Sen. Menendez sold power for gold, prosecutor says at corruption trial’s close

By Luc Cohen

NEW YORK (Reuters) -Bob Menendez sold his power for money and gold to help Egypt’s government and businessmen who showered the once-powerful senator and his wife with bribes, a prosecutor said on Monday in his closing argument at Menendez’s corruption trial.

Over more than seven weeks of testimony, federal prosecutors sought to persuade a jury that Menendez accepted hundreds of thousands of dollars of bribes in the form of gold bars, cash, and car and mortgage payments.

In exchange, prosecutors said the New Jersey Democrat sought to help Egypt secure billions of dollars in U.S. military assistance and aid the business and legal interests of New Jersery businessmen Fred Daibes, Wael Hana and Jose Uribe.

“It wasn’t enough for him to be one of the most powerful people in Washington,” prosecutor Paul Monteleoni said in his closing argument in Manhattan federal court. “He also wanted to pile up riches for himself and his wife.”

At the trial, jurors saw gold bars federal agents seized from Menendez’s home. The agents also found more than $480,000 of cash, including some stuffed in envelopes inside a jacket bearing the senator’s name.

Menendez, 70, has pleaded not guilty to 16 criminal charges including bribery, fraud, acting as a foreign agent and obstruction. His lawyers have sought to shift the blame toward his wife, Nadine Menendez, who prosecutors say he used as a go-between for the bribes.

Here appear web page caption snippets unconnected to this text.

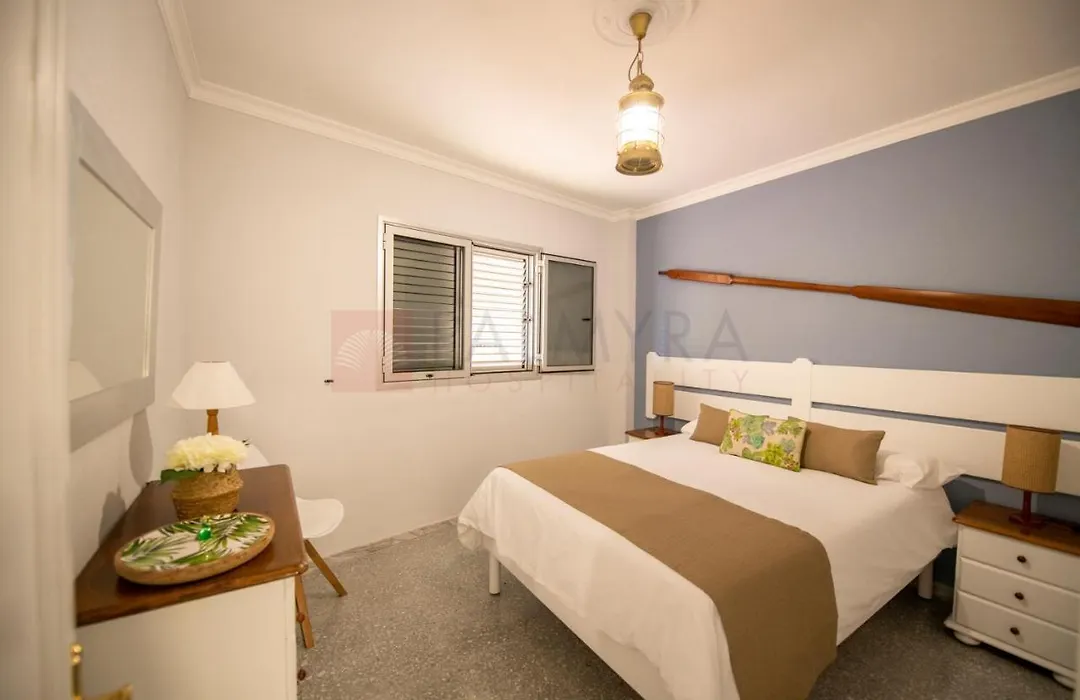 Trip Canteras, New Beach Apartment-1
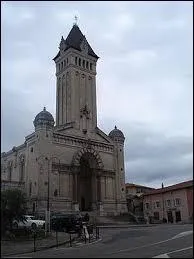 Située dans la banlieue de Lyon, Chaponost est donc une ville du département ...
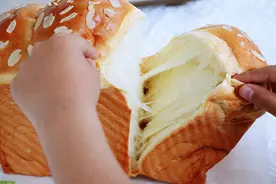 用了6年的面包方子，还是最爱它，蓬松暄软，细腻拉丝，放3天不硬图片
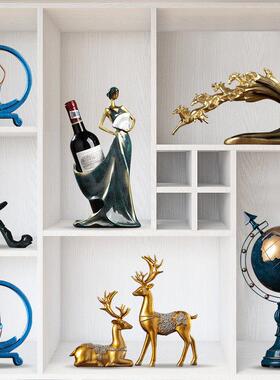 创意客厅现代家居卧室办公室酒柜装饰品北欧人物马轻奢红酒架摆件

Nadine Menendez has also pleaded not guilty and will be tried separately starting in August.

The case has likely ended the three-term senator’s political career. Bob Menendez resigned as chair of the Senate’s influential foreign relations committee after being charged in September. He is running for re-election of his seat in November as an independent, but is considered a long shot.

At the outset of a closing argument expected to last five hours, Monteleoni said Bob Menendez sought to benefit Hana and Egyptian officials with whom he was close after Hana put Nadine Menendez on his payroll in a “sham job” that paid her $10,000 per month.

Bob Menendez ghostwrote a letter for Egyptian officials to respond to concerns a fellow senator had raised about the country’s human rights record, and pressed a U.S. Department of Agriculture official to stop scrutinizing a deal prosecutors say Egypt’s government granted Hana’s company to certify halal meat.

“When Menendez hears Nadine is going to get paid, he springs into action again and again,” Monteleoni said. “He sold all of that trust and all of that power for the benefit of Hana and of Egypt for money and for gold.”

Hana and fellow New Jersey businessman Fred Daibes are on trial alongside Menendez and have pleaded not guilty. Both men also provided Menendez with gold bars, Montelioni said.

Uribe, an insurance broker, pleaded guilty to bribing Bob Menendez and cooperated with the government. He testified last month that he bought Nadine Menendez a $60,000 Mercedes-Benz in exchange for her husband leaning on state prosecutors to lay off criminal probes into Uribe’s associates.

Monteleoni told jurors that the day after Uribe texted Nadine Menendez asking her not to forget about him, Bob Menendez called the former New Jersey attorney general to inquire about the investigations.

“Actions speak louder than words, and Menendez’s actions are shouting from the rooftops,” Monteleoni said.

Monteleoni’s closing argument is expected to resume on Tuesday. Defense closing arguments will follow before the jury begins its deliberations.